Association of Peroxisome Proliferator-Activated Receptors (PPARs) with Diabetic Retinopathy in Human and Animal Models: Analysis of the Literature and Genome Browsers

Abstract

Diabetic retinopathy (DR) is a condition that develops after long-lasting and poorly handled diabetes and is presently the main reason for blindness among elderly and youth. Peroxisome proliferator-activated receptors (PPARs) are nuclear receptors that are involved in carbohydrate and fatty-acid metabolism and have also been associated with DR. Three PPAR isoforms are known: PPARG, PPARA, and PPARD. In the present study, we retrieved articles reporting associations between PPARs and DR from PubMed database and compiled the data in two catalogues, for human and animal models. Extracted data was then complemented with additional relevant genomic information. Seven retrieved articles reported testing an association between PPARs with DR in human. Four of them concluded association of PPARG and PPARA with DR in European and Asian populations, having a protective role on DR development. One study reported pathogenic role of PPARG, while two articles reported no association between PPARG and DR among Indian and Chinese populations. Six retrieved articles reported testing of involvement of PPARG and PPARA in DR in animal models, including mouse and rat. The review includes case-control studies, meta-analysis, expression studies, animal models, and cell line studies.

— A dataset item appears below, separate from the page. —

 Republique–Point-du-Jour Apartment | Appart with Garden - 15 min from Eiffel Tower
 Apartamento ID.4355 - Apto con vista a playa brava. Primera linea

Despite a large number of documented sequence variants of the PPAR genes available in genome browsers, researchers usually focus on a small set of previously reported variants. Data extraction from Ensembl genome browser revealed several sequence variants with predicted deleterious effect on protein function which present candidates for further experimental validation. Results of the present analysis will enable more holistic approach for understanding of PPARs in DR development. Additionally, developed catalogues present a baseline for standardized reporting of PPAR-phenotype association in upcoming studies.

Figure 1

Workflow of the study.

Figure 2

Overview of the results. The number of retrieved articles associating PPARs with DR/PDR is marked in grey color. Yellow color represents the number of articles reporting gene-DR/PDR association including protective effect or decreased DR risk. Green color represents the number of articles reporting no association between the gene and DR/PDR, and red color represents the number of articles reporting a pathogenic effect on DR/PDR.

Figure 3

Print screen of the Ensembl genome browser presenting a part of the variant table of the PPARG gene. The table includes seven selected sequence variants and results of bioinformatics prediction of their effect on protein function. Ensembl browser includes six tools for predicting effects of substitutions on protein function: SIFT, PolyPhen, CADD. REVEL, MetaLR, and Mutation Assessor. Predicted effect on protein function is shown in different colors: benign: green; tolerated/neutral: blue; possibly damaging: orange; damaging: red. Clin. Sig.: clinical significance; a classification of a variant's impact on disease, according to the ClinVar database: pathogenic: red triangle; likely pathogenic: orange triangle; likely benign: blue cross.